Some believe we will evolve as a planet into a greater state of consciousness. Others believe in the magical Millennium, that we are on our own path to becoming, evolving into gods. Is this how it is? I don’t really know what I think of that. It could be. Or we could just be some near impossible thing that showed up with the capacity to think about who we are and make up stories that we want to believe in.

We are, however, an unexplained phenomenon. We, these thinking creatures, animals, that are mathematically next to impossible to be here in creation. Look at the many prototypes before us and who have died out and here we are, weak and without any sort of armor or claws or physical strengths. And yet, we weak creatures that we are, built pyramids and boats and planes and rockets. We are a unique and almost impossible combination of billions of years of the same atomic particles that blew out across the vastness of space 13 billion years ago. We are a part of the Earth and the grasses that grow and the animals and the air and the stars themselves. We literally are the universe. We are the same thing as everything else we see.
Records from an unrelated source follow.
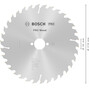 bosch_2608838409_5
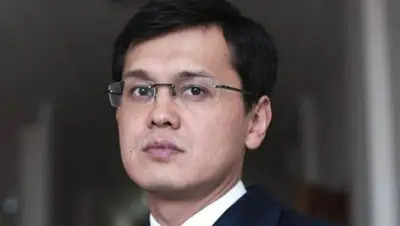 Zakon.kz, фото - Новости Zakon.kz от 17.11.2017 16:44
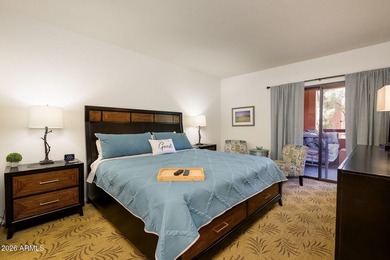 Your Oasis in Paradise, Look No Further! Located in the Tatum - photo 11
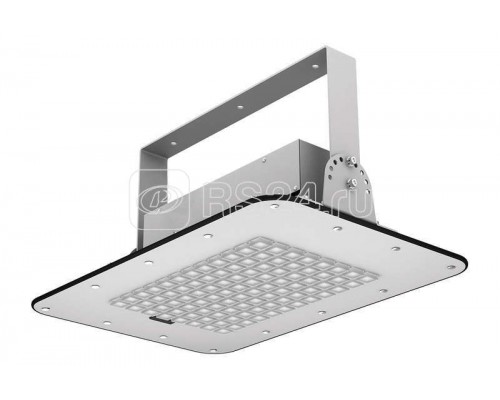Светильник LE-СБУ-32-100-2263-67Х KEDR termo КСС Г LED-effect 2263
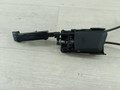 ручка ( кнопка ) складывания сиденья BMW X3 G01 2019, 2.0 л., B46 B20 B, бензин, АКПП, белый alpinweiss 3 (300), задний привод, 51477424731, 51477424732, 52207462585 - фото №2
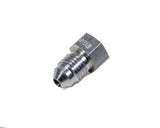 Aeroquip Steel plug (FCM3701)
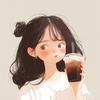 吖吖🍀🍀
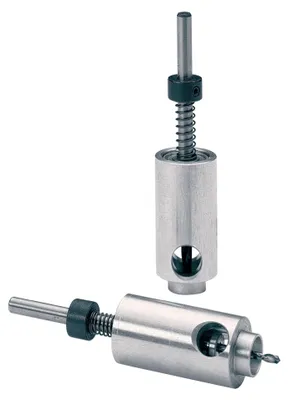 Produktbild von Hettich 78096, 108 mm, 1 Stück(e)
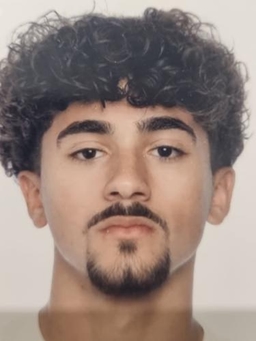 Avatar Bild für Caue Mundy Machado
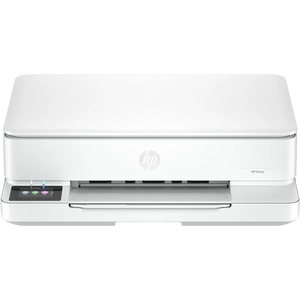 HP Envy 6110e  Multifunción Inyección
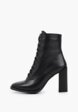 Ботильоны Lusavou1  - превью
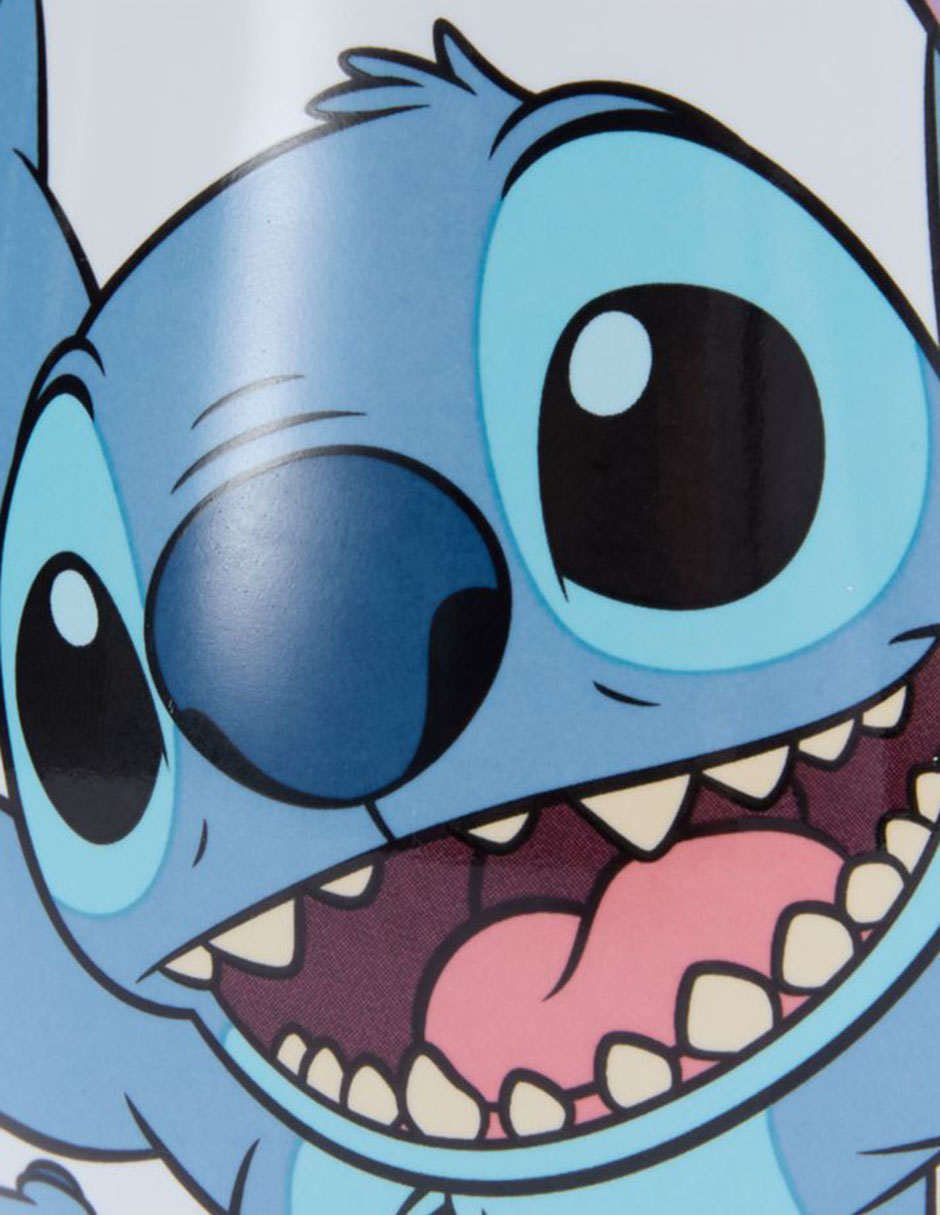 Taza americana Lilo & Stitch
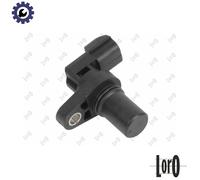 RPM SENSOR AUTOMATIC TRANSMISSION 120-04-064 FOR HYUNDAI ACCENT/III i20 COUPE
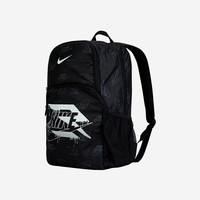 NIKE 耐克双肩背包中学生书包青少年电脑包大容量 8/20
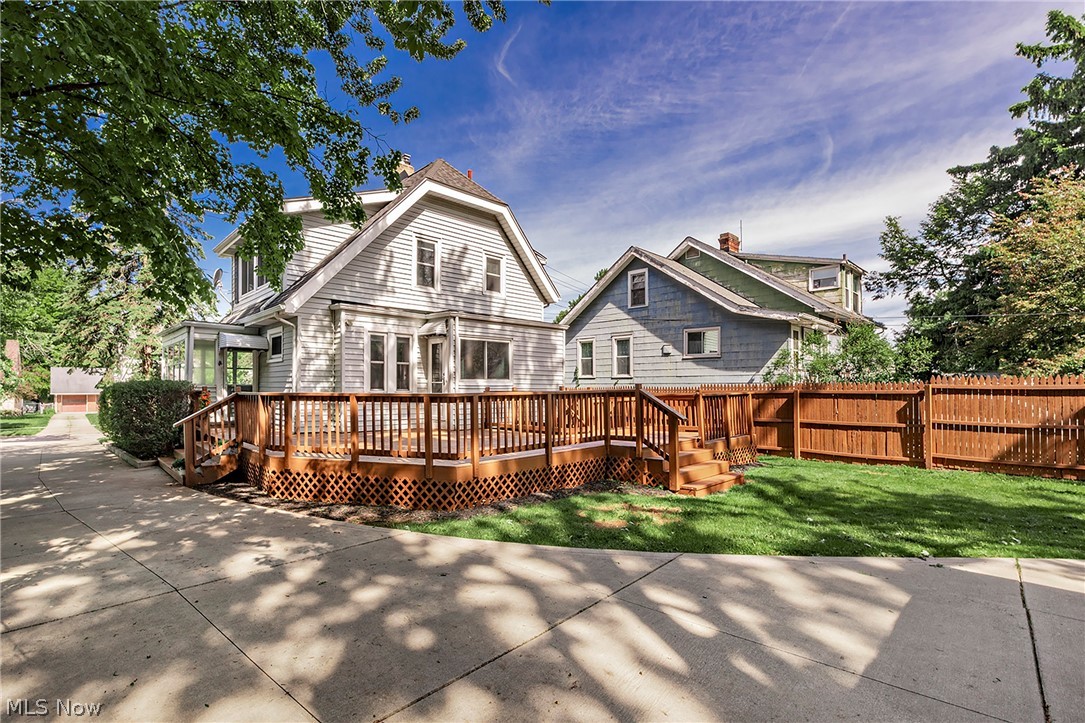 Quayle Telling - Residential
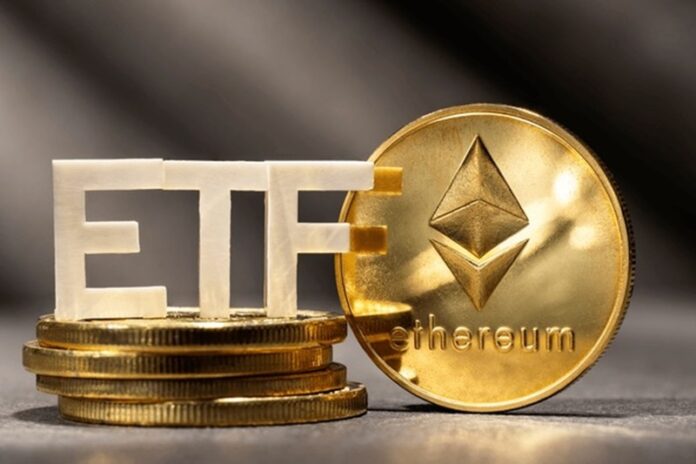 frankfurt-hesse-germany-06-01-600nw-2472008131.jpg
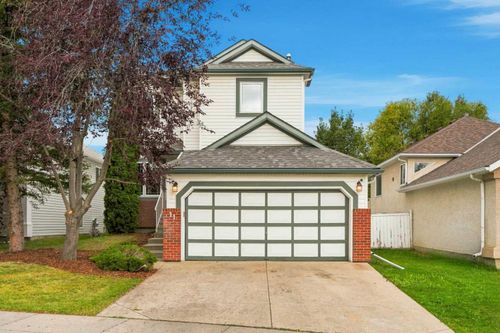 11 Somercrest Cir Sw, Calgary, AB, T2Y3H1 | Card Image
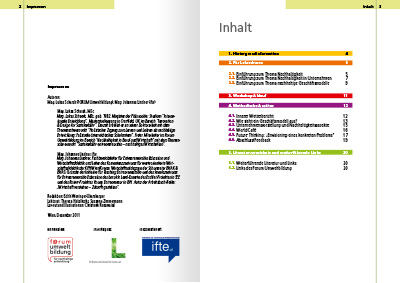 Innenseite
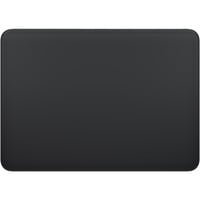 Magic Trackpad, Touchpad schwarz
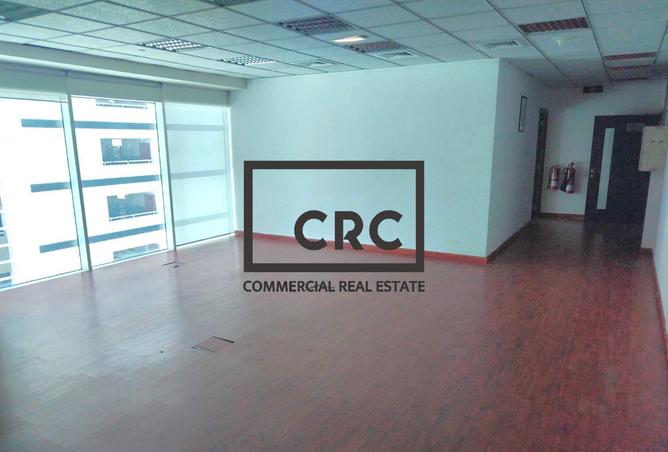 15389512 - Property Image 2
Insignificant and yet, so significant as to be able to ponder what we are, having no real clue as to why we are or what we shall, in those next 30 billion years, become.

And I think about this as I watch my little animals and my yard and the trees and the birds and the humming bees and insects crawling through the grass that have no idea about any of this. They are simply in a search for food. For survival. In a sense that is what we do, too. Our purpose is to survive. We have stories about how to survive, even beyond our own death, our own creation. We want it, we yearn for it, to be more. The human mind is our blessing, our only weapon and quite possibly the means of our destruction, the destruction of everything and everyone. Or so some believe.

We have so much time to evolve, to regroup, to grow up and become something more. 30 billion years in time. And yet at the end of those 30 billion years, what then? Is that the end? And if so, what is the meaning of it? Is there any meaning in it? Why are we? And how did we, out of all the other pre-historic human prototypes, survive? Will we evolve into something more? Or will we, as children of the sun in our very core, in the very atoms of our flesh, burn out with our sun and the billion trillion stars that have existed before we even knew what we were?

It doesn’t seem to matter to the other animals. Or to many humans. It never even crosses their mind. Yet, I, strange creature that I am, sit here, burning in the very sun that gave me the means to live, to be what I am in this existence, a modern human being, and it is an important thought I will possibly never have an answer to.

Is this it or is there something more?